- [What you will do]:
Note on the material below: return exactly the lines from the line that holds "Honda Accord Ex-l" through the line that holds "Square Classic Single", and leave out each picture.

- [Data for processing]:
**********

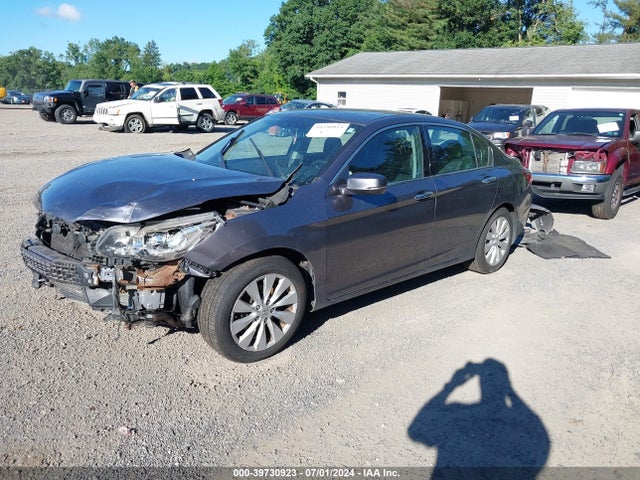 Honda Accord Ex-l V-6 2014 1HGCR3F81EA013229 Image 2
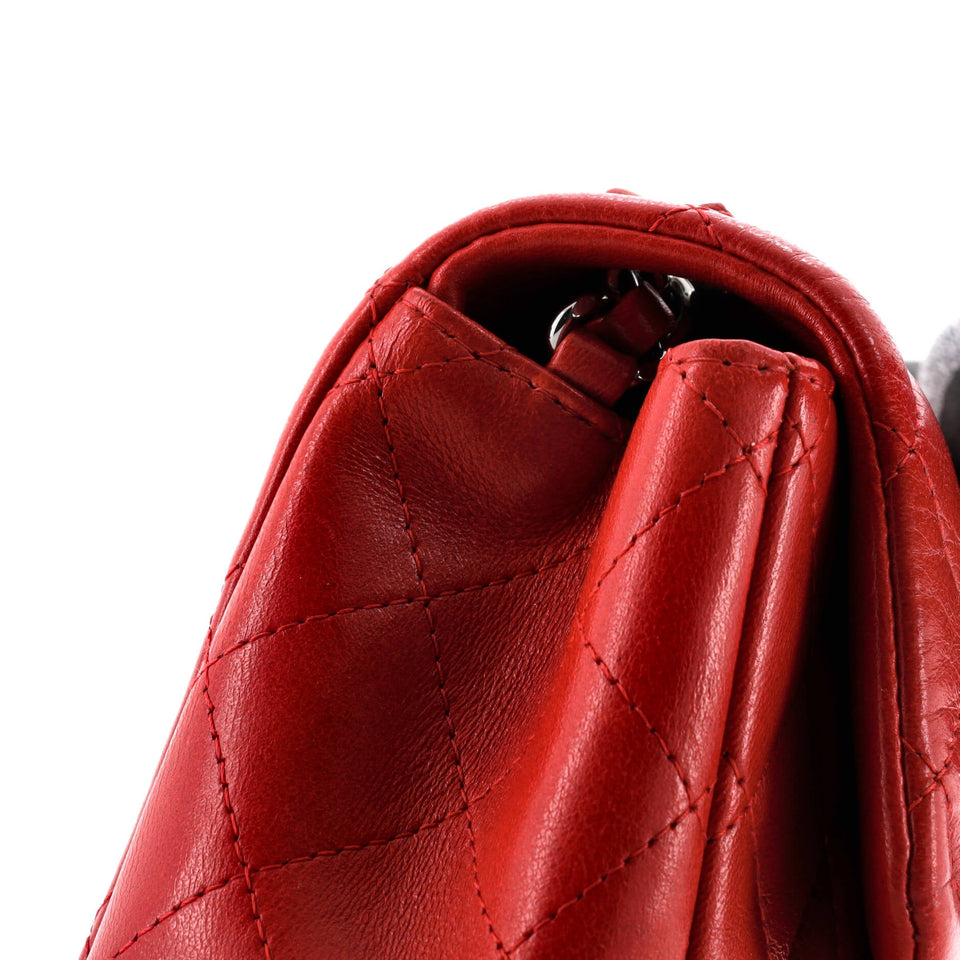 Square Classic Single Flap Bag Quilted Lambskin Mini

**********

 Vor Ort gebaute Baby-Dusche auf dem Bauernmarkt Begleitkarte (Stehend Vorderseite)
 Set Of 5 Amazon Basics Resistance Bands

**********

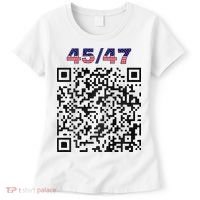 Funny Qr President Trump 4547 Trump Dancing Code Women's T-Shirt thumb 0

**********

- [Exercise response]:
 Honda Accord Ex-l V-6 2014 1HGCR3F81EA013229 Image 2
 Square Classic Single Flap Bag Quilted Lambskin Mini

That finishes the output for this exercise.